Come fall, when Moretti’s opens at 128 Wool Street in Barrington, its 10th location in the chain, residents won’t have to travel far for the mix of Italian and American fare—Chicago style pizza, spaghetti and meatballs, brick oven fired chicken, gourmet salads and burgers—that has kept customers coming back for decades.

Along with a chef-driven menu, the Barrington Moretti’s will feature four private party rooms accommodating up to 150 people and two brand new outdoor dining spaces. In addition to catering any size event in the Barrington area, the new Moretti’s will also offer its popular carryout and delivery service as well. The Hoffmanns won’t have to travel far for work either, as they live in Barrington Hills. “It takes a lot of time and effort to build a brand and a location,” Mark says. “We are very excited about the opportunity to invest in our community.”

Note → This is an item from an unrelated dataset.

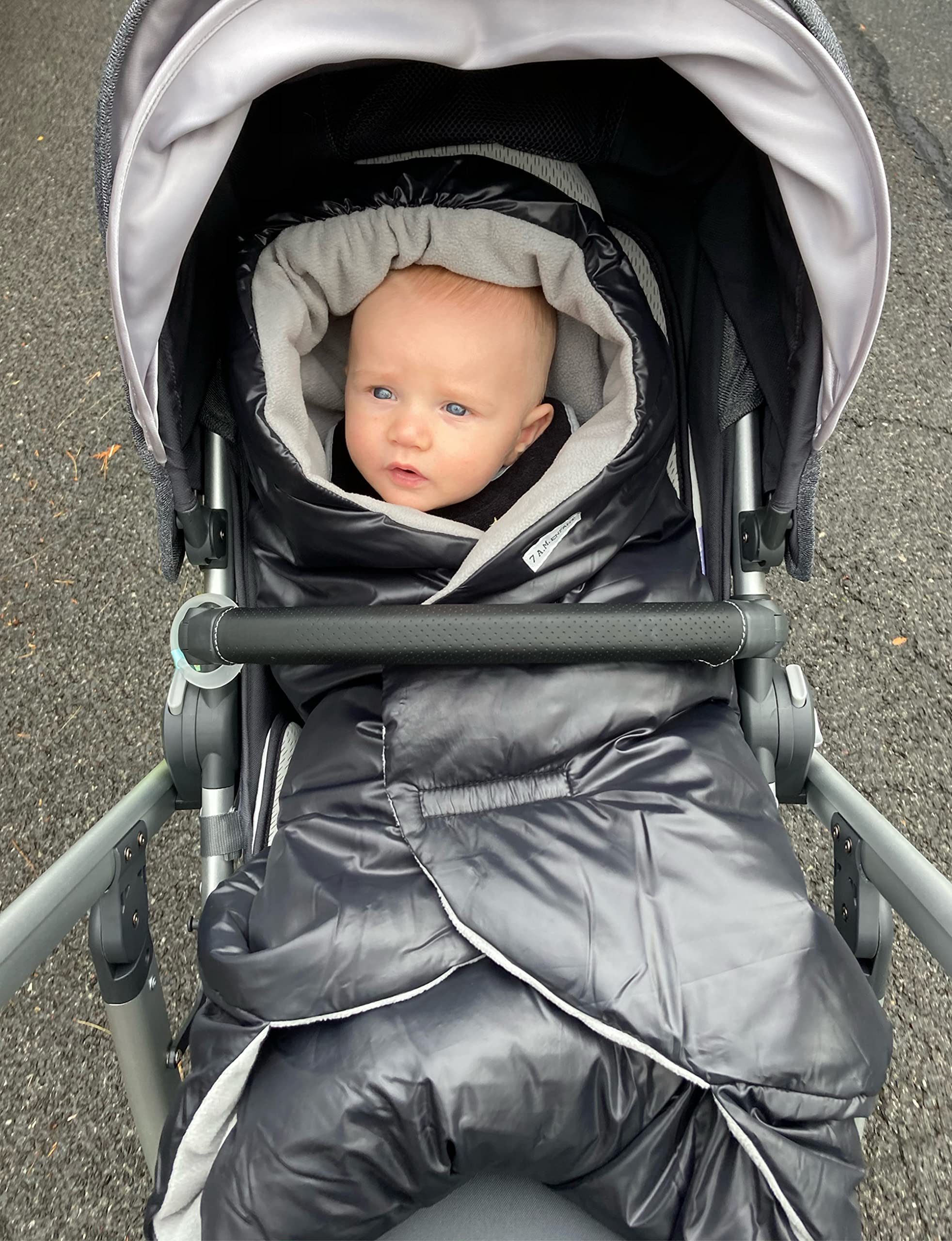 7AM Enfant Baby Car Seat Cover - Nido Quilted Infant Car Seat Protector with Hooded Soft Plush Lining | Universal Fit for Strollers & Car Seats | Perfect for Winter Warmth & Outdoor Protection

Moretti’s latest endeavor is proof that the business Mark oversees with his father Fred, Ala Carte Entertainment (A.C.E.), continues on its path of growth. Moretti’s is a restaurant concept created by A.C.E., a Schaumburg-based company that develops, owns and manages restaurants, banquet facilities, pubs, nightclubs and entertainment venues. It has 25 locations under more than a dozen different concepts, such as The Alumni Club, Chandler’s, drink, and Lion Head Ultimate Sports Pub. A.C.E. has been in existence for nearly 50 years and in the Hoffmann family for three generations. A diverse business, A.C.E. also owns Hoffmann Alpha Omega Development Group, a commercial real estate division that specializes in larger commercial project development.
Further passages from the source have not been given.